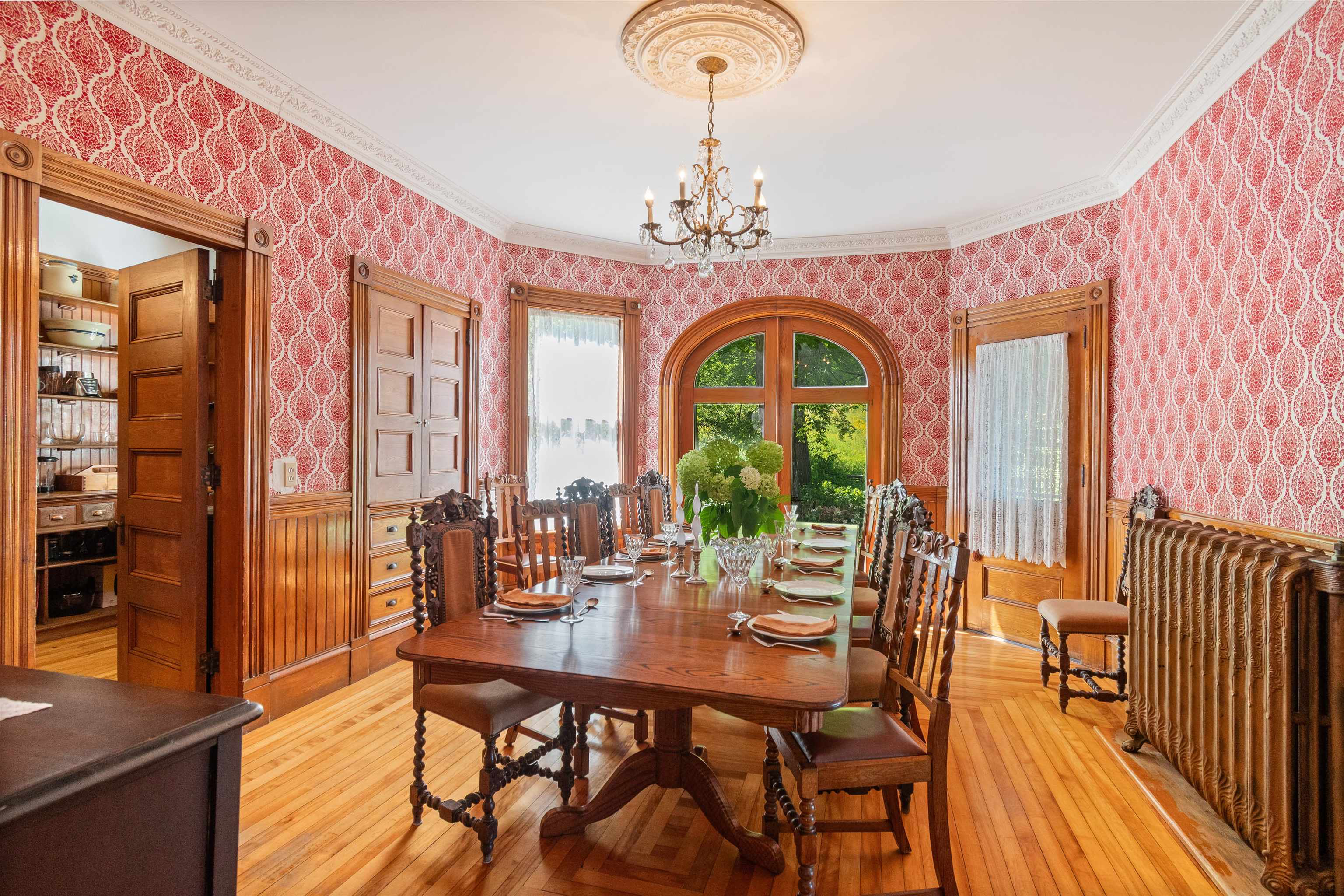 2248 Vt-15 Property Photo 16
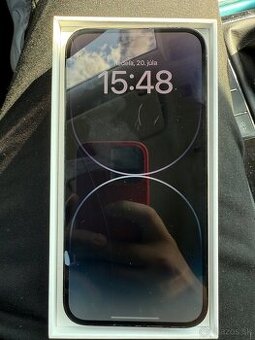 iPhone 14 Pro Max 128GB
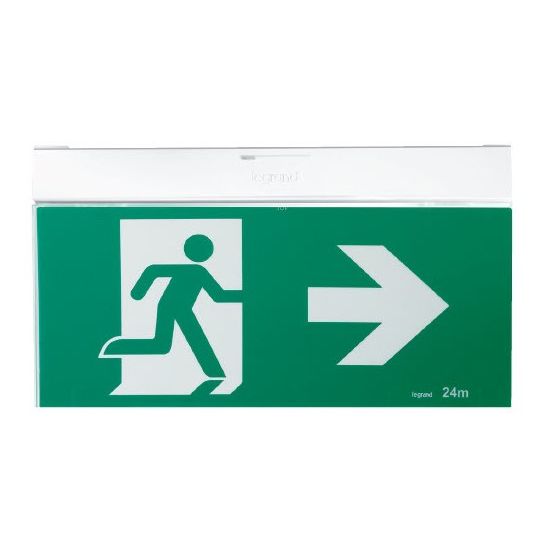 Legrand_G2-LED-Exit-Sign.jpg
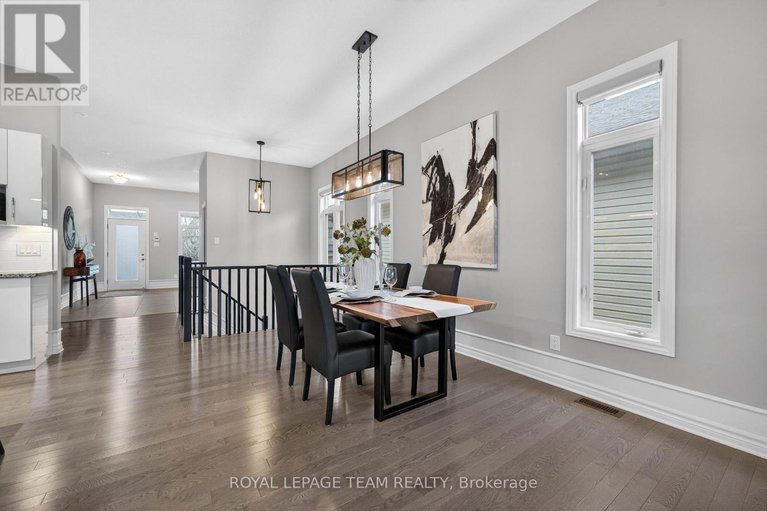 29680276/324-long-acres-street/bridlewood/ottawa/ontario/K2M0H4_15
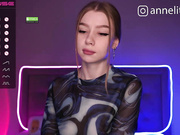 Annelitt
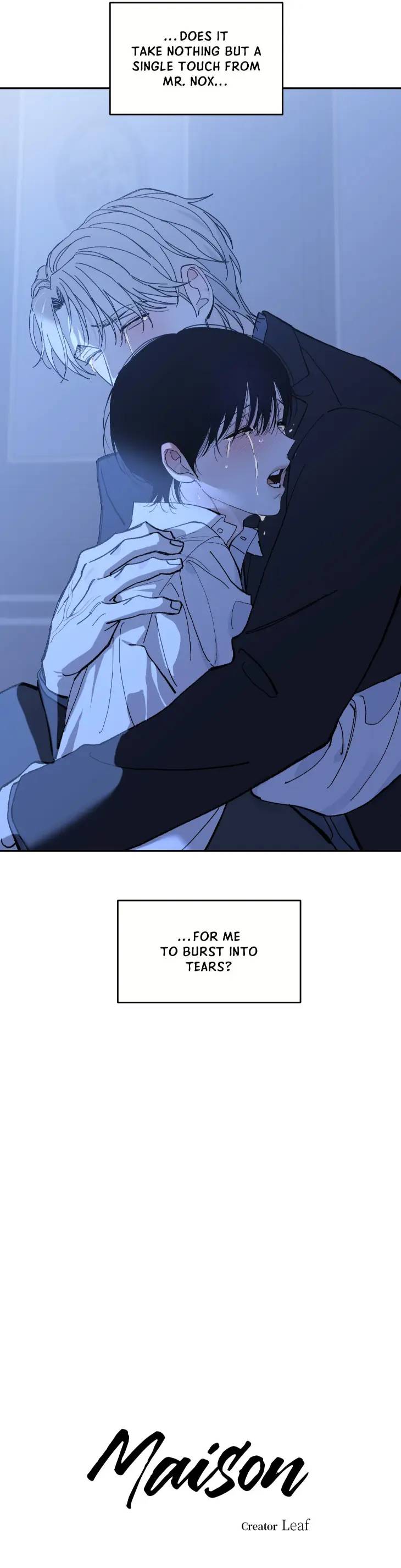 Maison-By-Leaf-Eng page 3
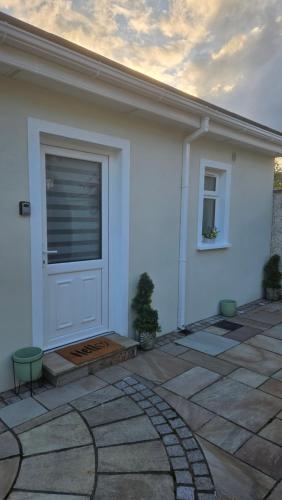Taylors Lodge in Duleek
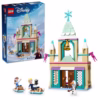 LEGO Disney 43265 Frozen Kasteel Van Arendelle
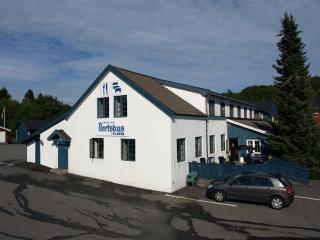 Grimstad Vertshus - Grimstad - 0
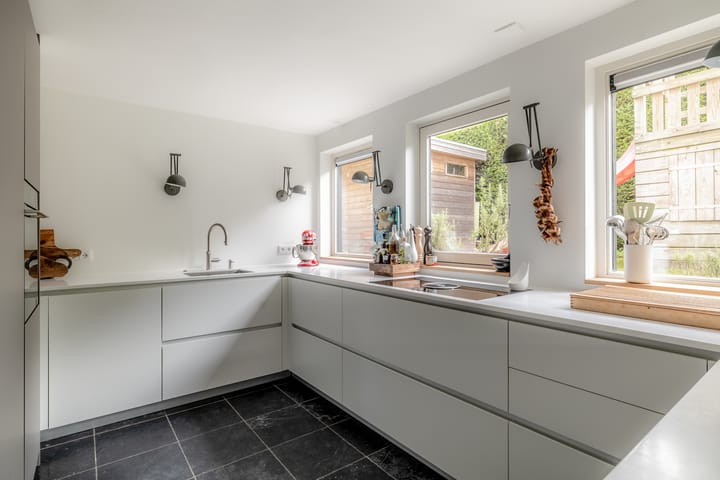 Foto 18 van Markdal 1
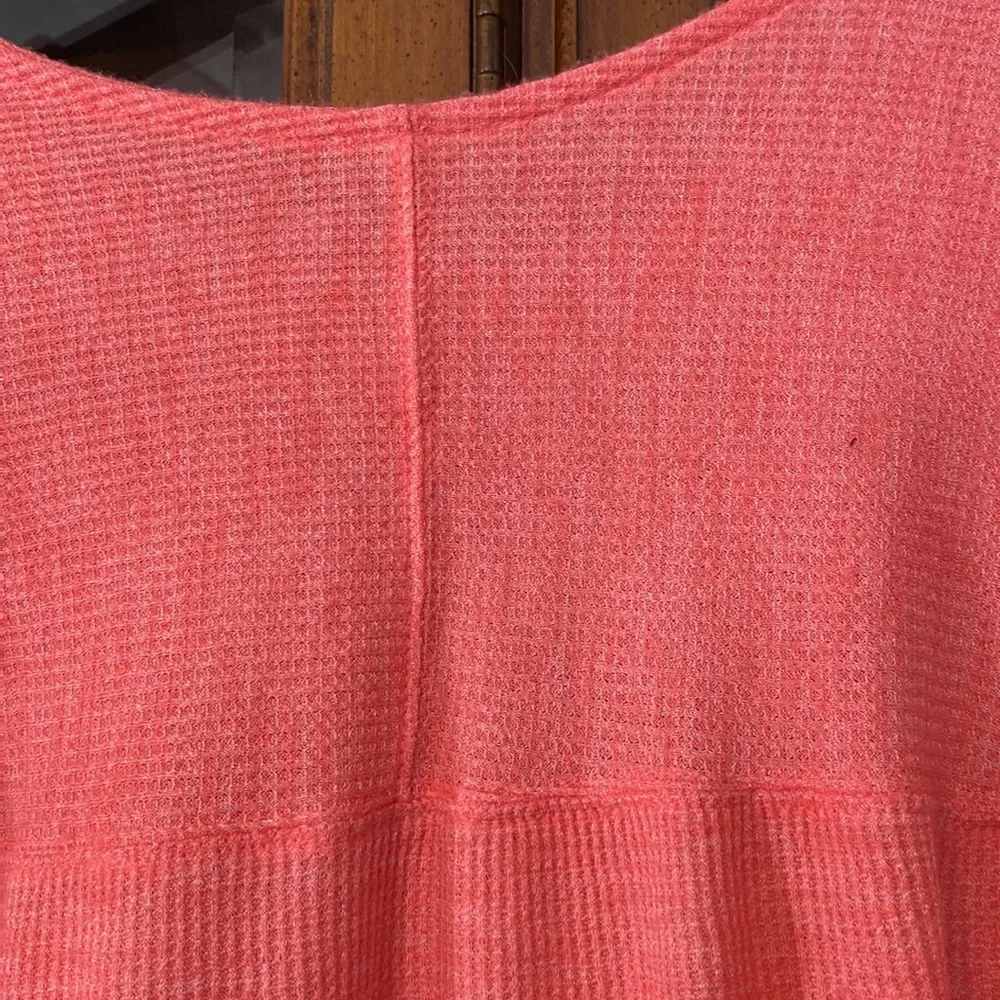 Top - Picture 6 of 6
════════════════════
■ Your objective
Please give back all the records above word for word, with no pictures included.

■ Answer for this exercise
 2248 Vt-15 Property Photo 16
 iPhone 14 Pro Max 128GB
 Legrand_G2-LED-Exit-Sign.jpg
 29680276/324-long-acres-street/bridlewood/ottawa/ontario/K2M0H4_15
 Annelitt
 Maison-By-Leaf-Eng page 3
Taylors Lodge in Duleek
 LEGO Disney 43265 Frozen Kasteel Van Arendelle
 Grimstad Vertshus - Grimstad - 0
 Foto 18 van Markdal 1
 Top - Picture 6 of 6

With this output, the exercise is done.